W tym świecie jej historia długa nie jest. Wypadła z rzeki. Reszty nie pamięta. Wie co to drzewo, wie co to piasek, ale o sobie nie wie nic prócz imienia.
Jest bystra. To można o niej powiedzieć na pewno.
Nie lubi, boi się nie wiedzieć. Potrafi nawet spanikować, gdy ma za mało danych, by choć częściowo ocenić sytuację. Strach ten jednak nie dotyczy błędów. Uwielbia poznawać na własnej skórze, odkrywać i gdy tylko może to zrobić w miarę bezpiecznie, próbuje, sprawdza, doświadcza. Tak najszybciej się uczy, a naukę i wiedzę uważa za najlepszą drogę do wszystkiego innego.
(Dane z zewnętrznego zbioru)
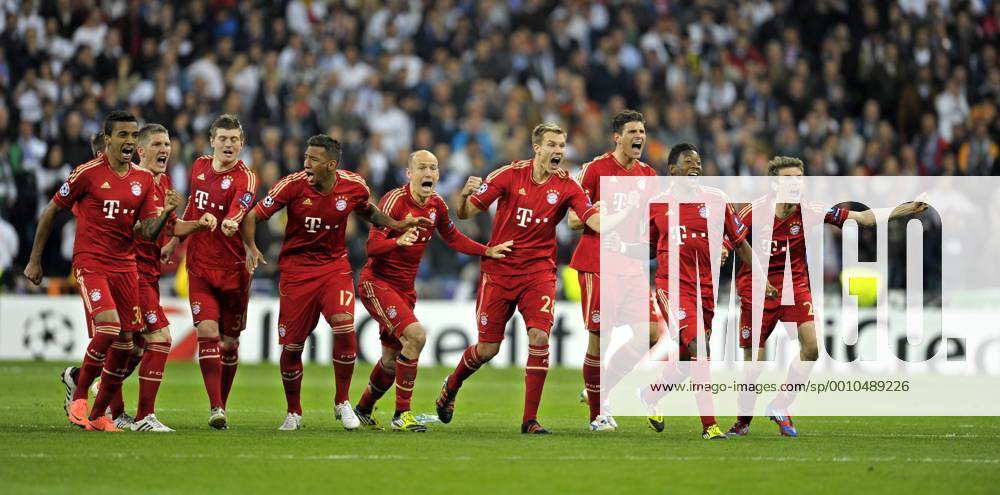 Fussball Championsleague 2011 2012, Halbfinale Rückspiel, Real Madrid - FC Bayern München in Madrid, Estadio Bernabeu. Jubel der Bayern nach dem entscheidenden Elfmeter zum Sieg
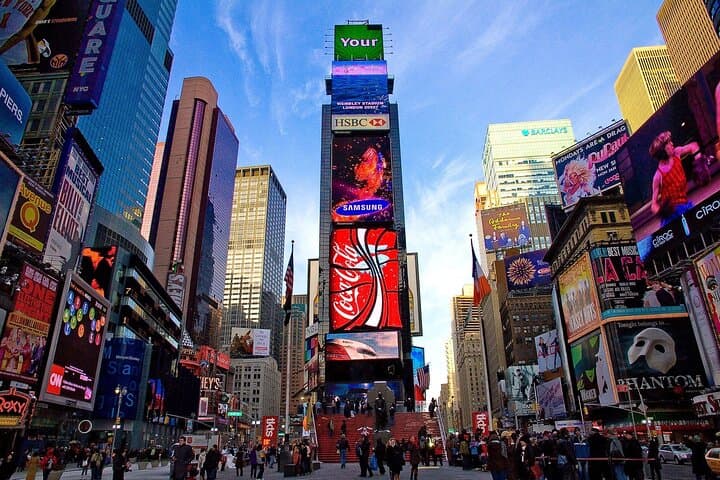 Midtown Manhattan Walking Tour: Highlights, Local Stories & Practical Tips photo 2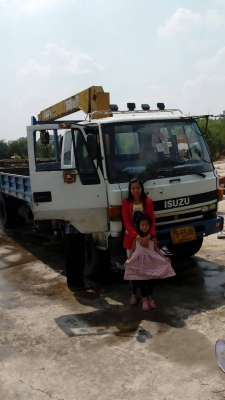 รถบรรทุก ISUZU 6 ล้อ  ติดเครน  175 แรงม้า เครน 4.5 ตัน น็อต 8 ตัว กระบะยาว 6 เมตร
Jej chęć eksperymentów zaowocowała również zamiłowaniem do majsterkowania. Chcesz się jej pozbyć na kilka godzin (lub nawet dni)? Daj jej kilka deseczek, gwoździe, narzędzia i powiedz, że z tego nie da się zbudować wozu. Lub stołu, żeby faktycznie wydawało się to potencjalnie możliwe. Tu też pojawia się kwestia jej cierpliwości. Do dłubaniny w drewnie, w skale, w czymkolwiek innym potrafi znaleźć w sobie pokłady ogromnego spokoju i uporu.
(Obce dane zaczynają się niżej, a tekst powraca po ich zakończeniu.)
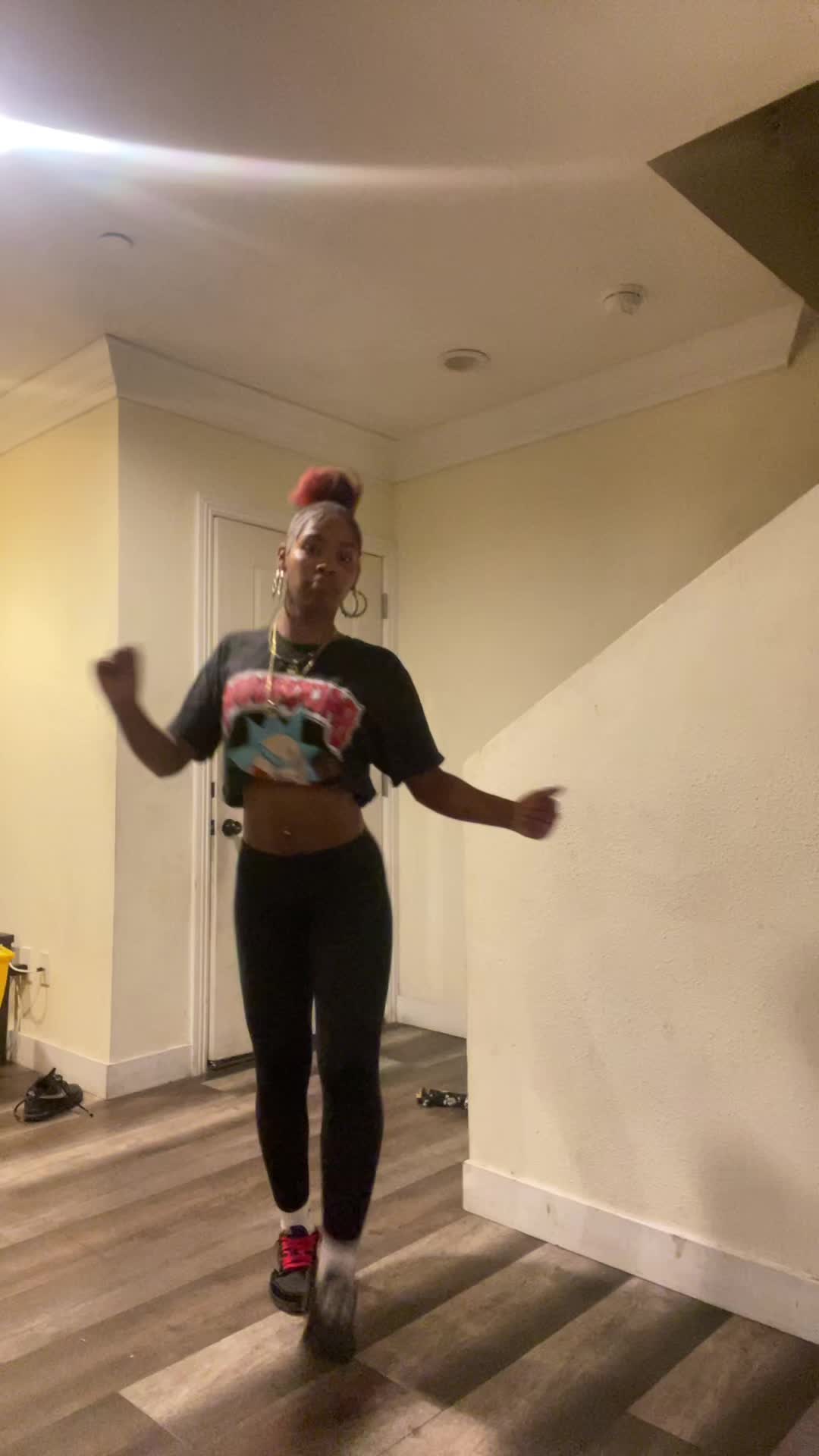 @Ladybhangk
Podejście do innych… tych których nie zna lub nie lubi ma po prostu gdzieś,a przynajmniej ich negatywne zachowania, bo za pomoc potrafi być wdzięczna. Chamskie odzywki spływają po niej jak woda po kaczce. Gorzej, gdy ktoś jest jej bliski. Przywiązuje się do innych, jest lojalna i takiej lojalności oczekuje. Złe słowo od kogoś bliskiego, choćby konstruktywna krytyka zaboli ją bardziej niż ogrom najgorszych wyzwisk od kogoś obcego. Potrafi nawet warknąć na kogoś, gdy wygarnie jej brak wiedzy, którą powinna posiadać. Ona to wie i walczy z tym, bardzo się stara to zmienić, ale to samo się wyrywa.Drobna dziewczyna o oliwkowej cerze, zielonych oczach z małym, bursztynowym “słoneczkiem” wokół źrenic i ciemnych, brązowych włosach. Te z wierzchu i z przodu zostały rozjaśnione przez słońce o odcień lub dwa.
Trudno ją dopasować do konkretnej rasy. Najbliżej jej wyglądem do Skelbardów, ze względu na rysy twarzy i kształt uszu. Włosy i oczy ma jednak od nich jaśniejsze i jest dość niska, nawet jak na człowieka, a co dopiero w porównaniu ze skelbardami. Mogłaby uchodzić za dziecko i możliwe, że nie jeden właśnie uzna ją za brzdąca. Jedyne co świadczyłoby o jego błędzie, to szczupła twarz i kształt sylwetki, które w żadnym razie dziecięce nie są.
Na plecach ma blady już ślad po cięciu, ale nie pamięta jego genezy.